Through this design, students can interview and exchange information, collect and present data by hand, which is a vivid, challenging and interesting process. Students not only experienced the activity process, but also learned to cooperate and communicate with their peers. More importantly, they learned statistical methods and solved practical problems from a mathematical perspective. They have accumulated experience in mathematical activities in the process of truly experiencing "mathematicization".

3. Pay attention to what you have learned and turn life experience into mathematics experience.

"Applying what you have learned" is the ultimate goal of education.
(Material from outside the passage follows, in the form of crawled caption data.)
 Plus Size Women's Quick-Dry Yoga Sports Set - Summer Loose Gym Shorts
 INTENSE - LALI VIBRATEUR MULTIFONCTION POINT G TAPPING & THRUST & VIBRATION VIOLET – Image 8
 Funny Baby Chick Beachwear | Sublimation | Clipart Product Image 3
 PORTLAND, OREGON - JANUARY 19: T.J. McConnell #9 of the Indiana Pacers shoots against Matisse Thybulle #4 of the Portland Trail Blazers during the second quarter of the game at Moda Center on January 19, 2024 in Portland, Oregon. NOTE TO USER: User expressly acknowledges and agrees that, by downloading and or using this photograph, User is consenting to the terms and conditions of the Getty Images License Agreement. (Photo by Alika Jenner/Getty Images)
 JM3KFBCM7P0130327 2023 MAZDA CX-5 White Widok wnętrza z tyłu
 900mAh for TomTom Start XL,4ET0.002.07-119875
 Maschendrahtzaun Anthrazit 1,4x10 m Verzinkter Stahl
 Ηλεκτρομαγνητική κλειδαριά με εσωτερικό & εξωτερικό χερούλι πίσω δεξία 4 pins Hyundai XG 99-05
Promoting knowledge and experience to strategic experience and enabling students to comprehensively use their own life experience to solve problems is not only the deepening and development of knowledge and experience in the previous stage, but also the goal of both knowledge and wisdom.

For example, in the teaching of solving application problems with equations, the teacher created "a class will visit three local scenic spots at 8:00- 16:00." Please design a tour plan, including schedule, cost, route, etc. " In the process of solving this problem, students should know the route map between scenic spots, the time required for tickets and rides at each scenic spot, the car model and car rental fee, the food and articles that students need to like during the tour, the total cost required and the cost that each student needs to pay. In this way, the subjects lacking life flavor in the teaching materials are adapted into lively topics that students are interested in, so that students can find that mathematics is around, thus prompting students to look at practical problems with mathematical ideas and improving their ability to collect and sort out information. This not only enables students to use what they have learned to solve problems in daily life, but also stimulates their interest in learning, improves their ability to apply what they have learned, and transforms life experience into mathematics experience.
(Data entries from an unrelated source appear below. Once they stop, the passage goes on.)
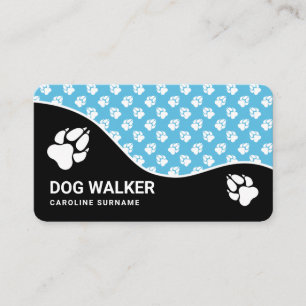 Carte De Visite Amusant Bleu Et Noir Chien Patrouilles Chien Walke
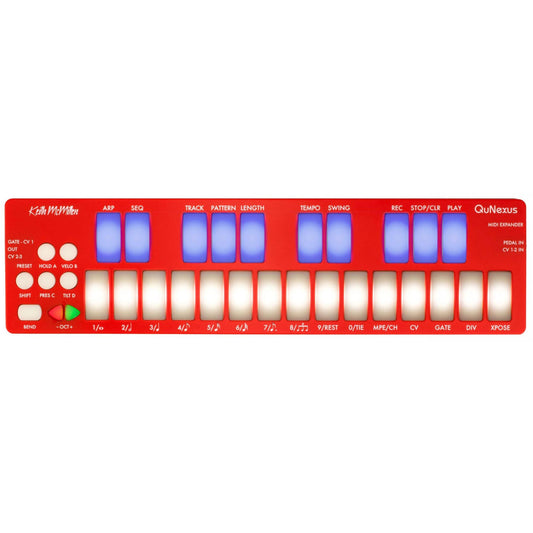Keith McMillen Instruments QuNexus 25-Key LED Keyboard Controller - Red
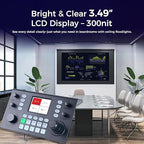 RGBlink NDI PTZ Camera Controller, PoE Powered, 3D Joystick Control,3.5 LCD Preview, Multi-Protocol Support, for Church Worship, Webinars & Live Streaming (RGBBKT)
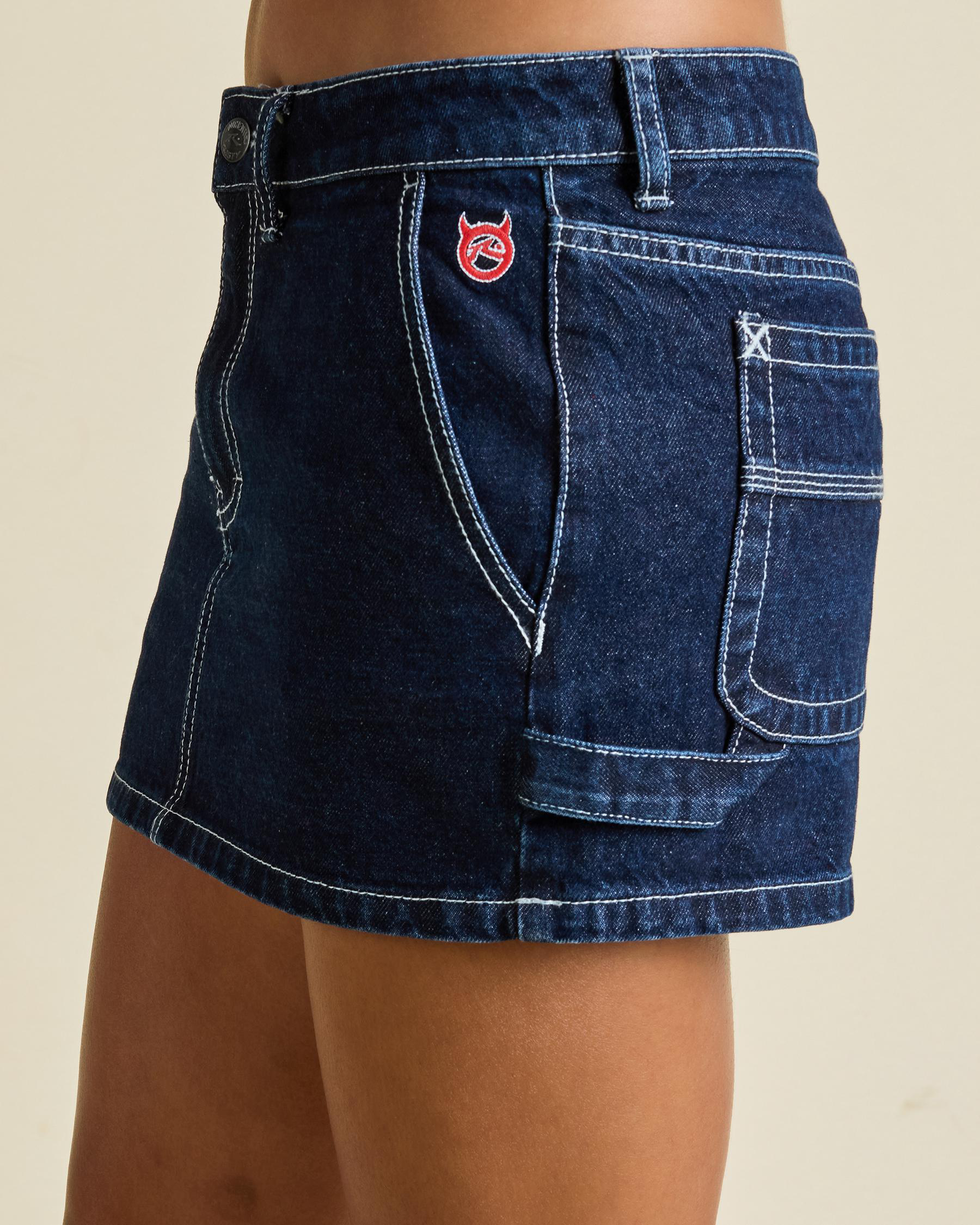 Billie Low Rise Denim Mini Skirt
Third, the use of core issues, to carry out mathematical activities experience

Problem solving is the main form of mathematical activities. The experience of basic mathematical activities plays a very important role in the smooth solution of problems and the effective development of mathematical activities. On the other hand, setting appropriate core questions, using core questions to mobilize students' activities, and promoting and developing the experience of mathematics activities in the process of solving core questions will help students gain the experience of basic activities.
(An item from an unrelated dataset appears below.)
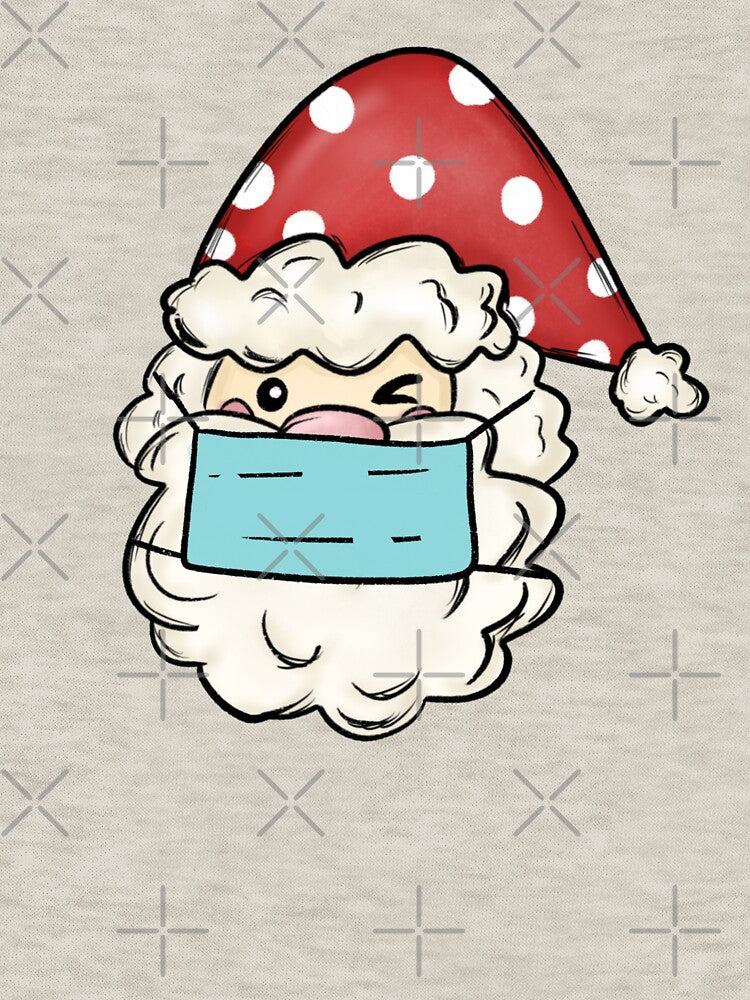 Christmas santa with mask by JavierShih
For example, when teaching the area of a parallelogram, the teacher first shows a parallelogram card and then throws a series of questions: 1. This is a parallelogram, and we don't know how to calculate its area. Can you convert it into the graphics we have learned? What graphics can it be converted into? 2. What is the relationship between the area, bottom and height of parallelogram before conversion and the area, length and width of rectangle after conversion? We know that the area of a rectangle is equal to the length times the width, so how to calculate the area of a parallelogram? In math class, students carry out group inquiry activities around these problems. They operate independently, explore independently, cooperate and communicate, and directly point to the solution of the problem. Students not only experience in activities, but also experience mathematical thinking before, during and after activities, thus developing the experience of mathematical activities.

In short, the accumulation of experience in mathematics activities comes from students' existing life experience, from the interactive practice between teachers and students, and from the understanding and mastery of knowledge. We should help students accumulate basic experience in mathematics activities and promote the learning of mathematics knowledge, so as to make mathematics classroom move from form to effect.